New on LowEndTalk? Please Register and read our Community Rules.
All new Registrations are manually reviewed and approved, so a short delay after registration may occur before your account becomes active.
All new Registrations are manually reviewed and approved, so a short delay after registration may occur before your account becomes active.
How would YOU achieve 100% uptime?
Greetings,
I bring to your attention a subject which I find to lack popularity. I'd appreciate if you could share the setup that you have personally tested or even better, already implemented.
You have 2 servers, dedicated or VPS's spread around the globe. Or at least not in the same datacenter. What is your solution of having literally no downtime during hard times?
It is frustrating to experience downtime for personal servers and up to extreme annoyance for production servers. Your hints or actual setups will be greatly appreciated.
PS: if this has been discussed already, please point me to the thread; I have failed to find one as such.
Comments
100% is a myth or to expensive. Everybody has downtime at some point.
Redundant DNS servers, round robin DNS, and high availability proxies! It all depends on what 100% uptime means to you, for example if my servers and backups are available to me when I need them - that's fine for me!
Round robin DNS wouldn't cause ~50% of requests to fail?
So a 3rd "master" server is necessary to point to one of the available servers.
./god/configure --disable-downtime --prefix=/proc/heaven && cd god && make && make install
Not normally, most browsers and such are smart enough to go to the next IP.
If the master server is down, the slaves still serve DNS requests.
Go with ColoCrossing ? lol
ColoCrossing is a myth.
If I had an actual business need for 100%, anycast with VRRP/CARP on the local side + some sort of load balancing would probably be the way to go.
pfsync with pf if a firewall is required locally, et al.
Even with failover setup, etc. there is still some technical time needed for the switchover to happen. So zero downtime is not possible, but achieving small maximum downtime (a couple of minutes or so) should be possible.
Depends on what kind of switchover you're talking about.
DNS based ones, absolutely. Routing based ones where multiple routes existed to multiple fully redundant gateways? Nope.
@Wintereise even if you anycast it and withdraw the routes for one of the locations from BGP, there is still some time needed for the routes to reconverge. BGP updates are not instant.
The point is that routes should never have to be withdrawn, so reconvergence should never happen -- period.
This part is easily accomplishable with redundant edge/border routing and some sort of redundancy protocol like HSRP/VRRP/CARP. Use diverse fiber paths, if possible different buildings to house core gear and you're very likely to be on the way to a full 100%.
Now, of course, if a Tornado knocks down a whole city, then you're gonna have to deal with reconvergence -- but the likelihood of that happening is little to nil on most dcs, and in those cases, I think a few seconds to reconverge is perfectly acceptable.

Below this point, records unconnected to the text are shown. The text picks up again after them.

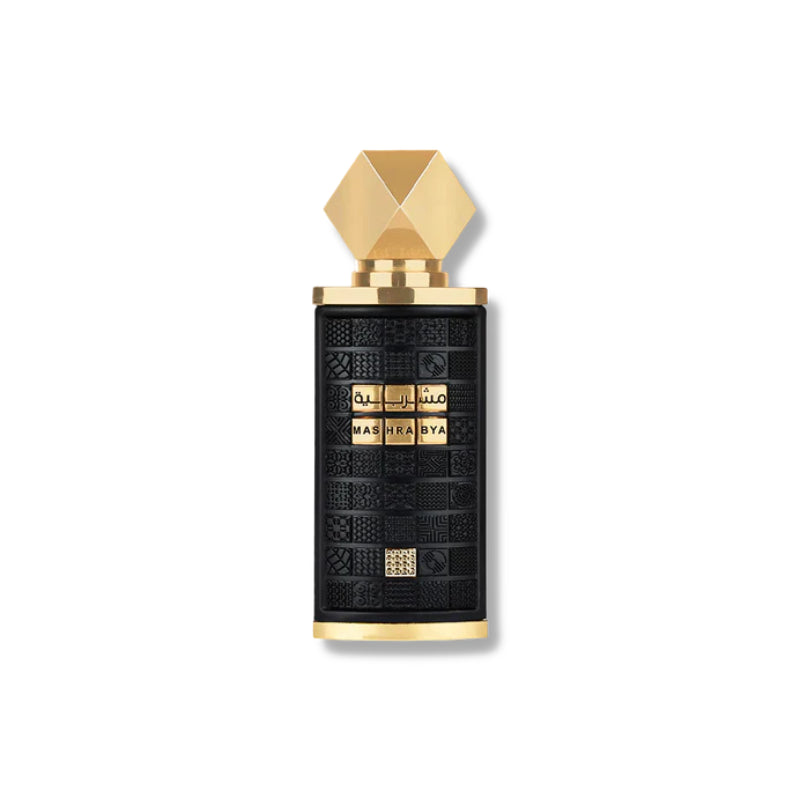 Lattafa Mashrabya EDP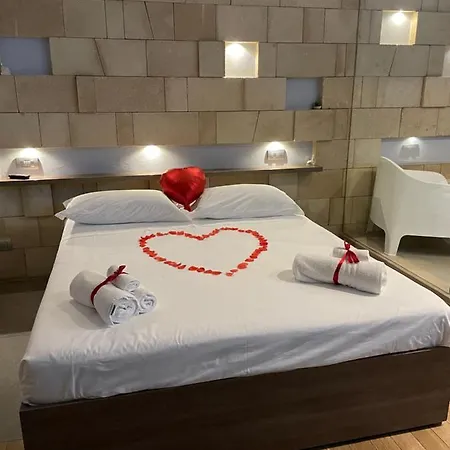 Mater Aquae Maison d'hôtes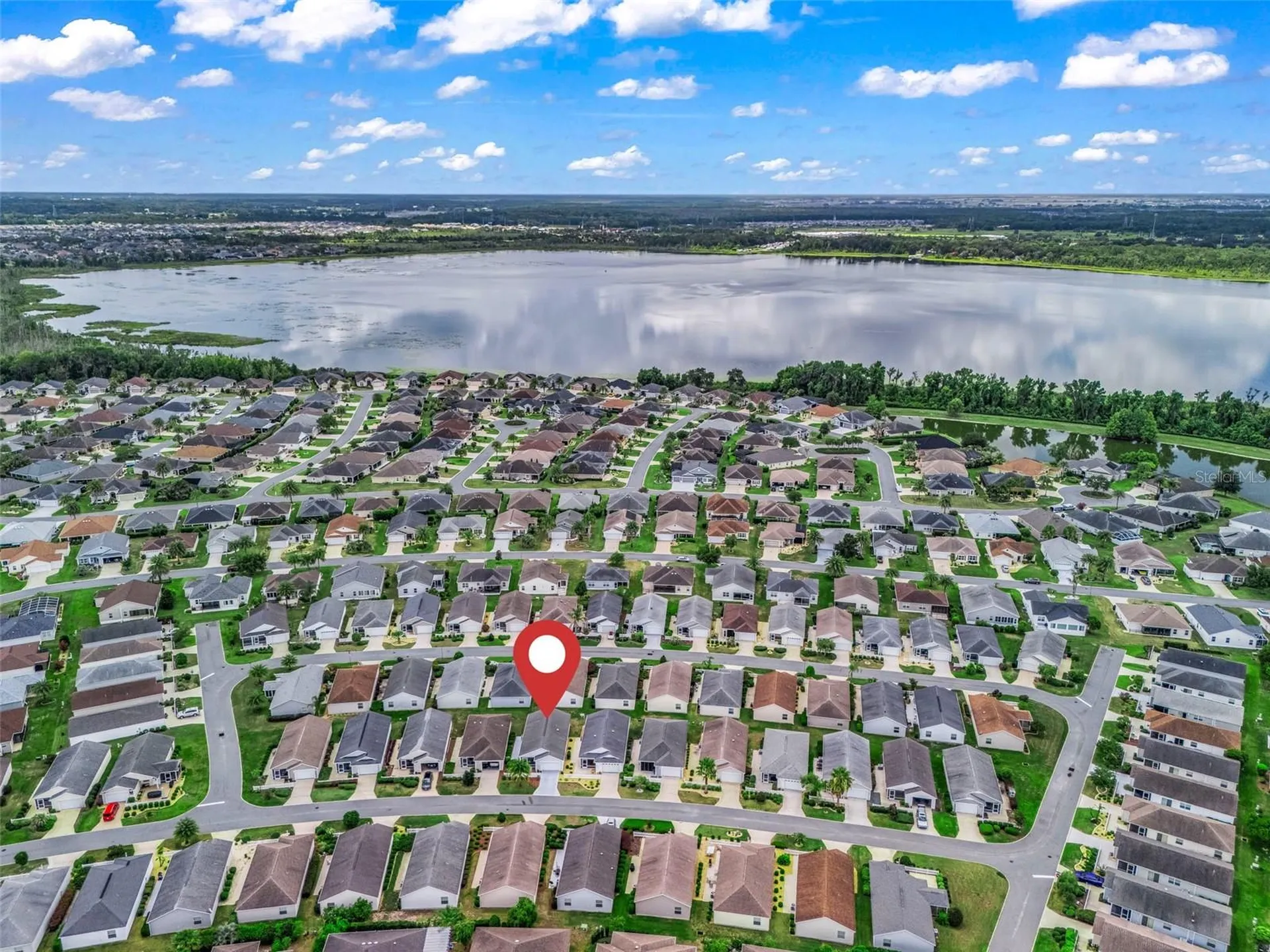 1388 Viola Court The Villages FL 32163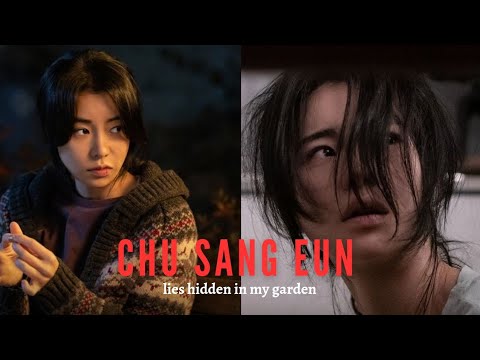 Džanum| Lies hidden in my garden| (FMV)Daebak Edits 임지연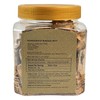 Burdock Root Tea, 300g/10.58 Oz, 100% Natural, No Additives, Caffeine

In previous work we had 2 DC's (small ish) side by side with fiber between them for the SAN <> SAN replication (these were $250,000 EMC SANS) with, cross site clusters that could take something silly like an 8 in 10 failure before service was impacted etc.
This was a money is no object project, probably cost about $15,000,000 for file storage/ app hosting and email that simply could not go down.

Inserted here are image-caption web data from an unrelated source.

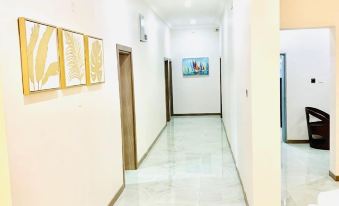 Patemax Luxury Apartments - Housity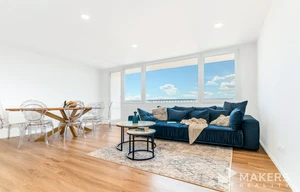 Apartment for sale, 4+kk - 3 bedrooms, 115m<sup>2</sup>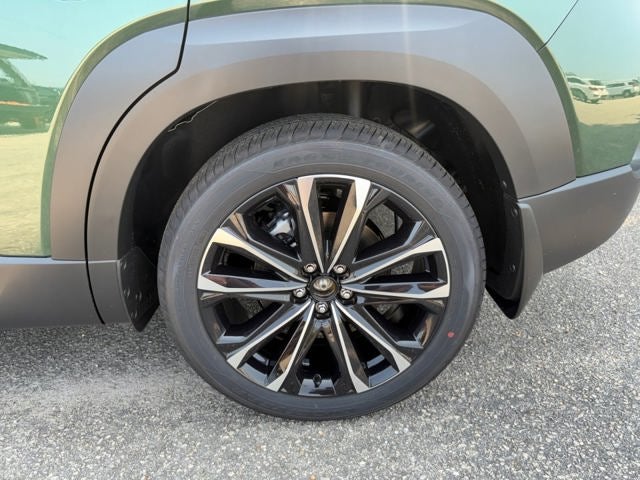 2026 Mazda Mazda CX-50 2.5 Turbo Premium Plus AWD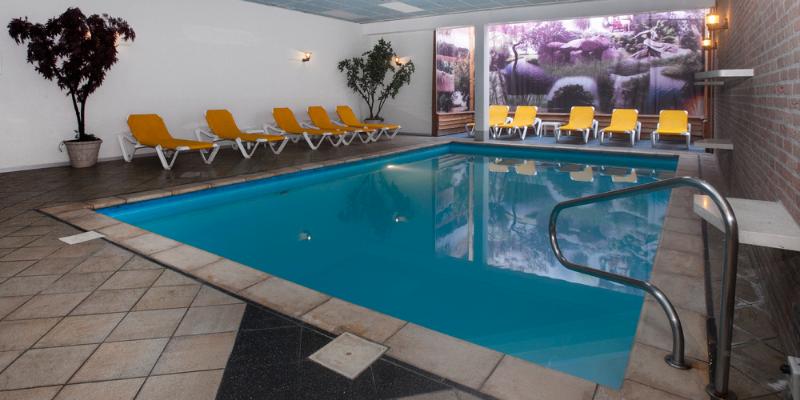 Fletcher Hotel   Restaurant De Zeegser Duinen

It was based on an island, the amount of cables ran with different carriers was insane.
Sadly about 2 weeks after it was signed off as complete the whole island lost power, due to an offshore disaster, after 4 days of people literally running backwards and forwards night and day with diesel for the generators a fire broke out and the whole thing completely failed.

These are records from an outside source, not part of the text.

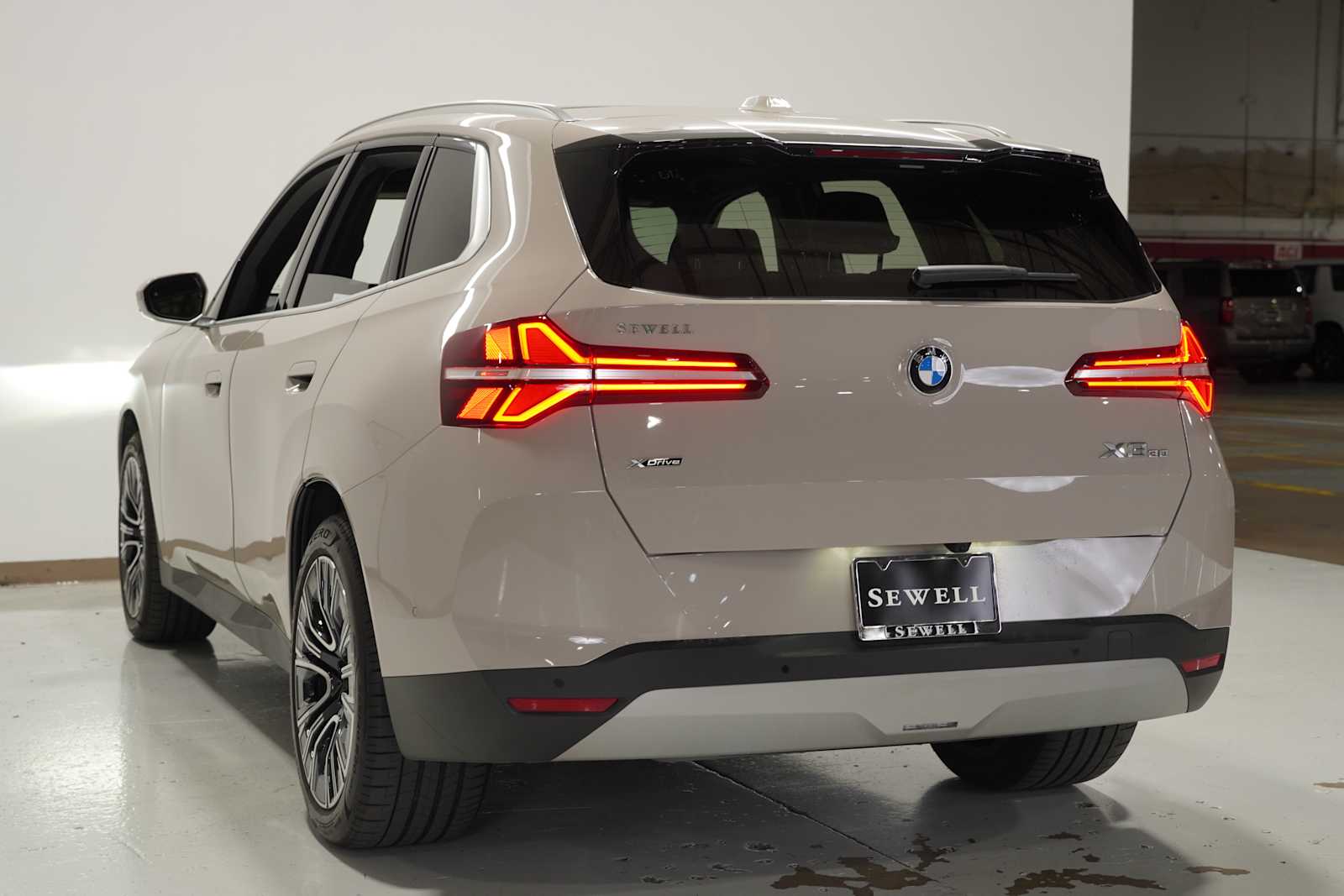 2025 Bmw X3 30x Drive photo 6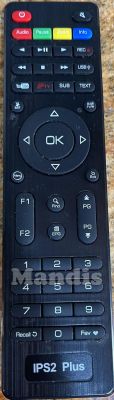 Comandament a dist&agrave;ncia original SATXTREM IPS2Plus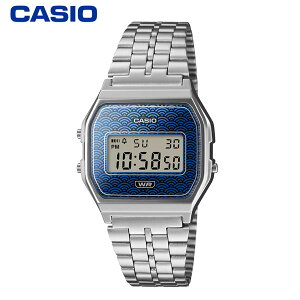 �y�������K�i�z�y���[�zCASIO CLASSIC �J�V�I �J�V�I�N���V�b�N A159WEVJ-2JR �r���v ���v �M�t�g a159wevj-7jr a159wevj-2jr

So nothing is 100% because something will always happen, it is fair to say it is achievable but only with good luck
That is why I like lowendspirit, €13.00 p/year for 5 x servers in different countries/ DC's with HAproxy for fail-over so even if 4/5 DC's blew up at the same time you would still stay up
In the above example had they taken the initial advice and replicated it with the mainland this would not have happened but I think it was an extra $7,000,000 for the cross connect run under the water.
Even if you go to extremes for redundancies at your end, your upstreams will fail you sooner or later. They all do services affecting maintenances some times. And they all screw up without any warning sometimes. I've seen this from all kind of carriers - both premium like Level3 or shitty like Cogent. So reconvergence will be necessary sometimes. It is unavoidable. And since IP is a "best effort" protocol - it's OK too, you just have to accept it. You can minimize it, but can never 100% guarantee that it won't happen.
Correct, all I'm trying to say is that it's possible to minimize that window down to near zero levels.
A downtime that nobody noticed isn't a downtime, etc
@Blanoz:
http://lowendtalk.com/discussion/comment/647333/#Comment_647333
http://lowendtalk.com/discussion/comment/647405/#Comment_647405
I'd definately use proxies and go multisite, will always beat a single location no matter how good the hardware/UPS/generators/etc.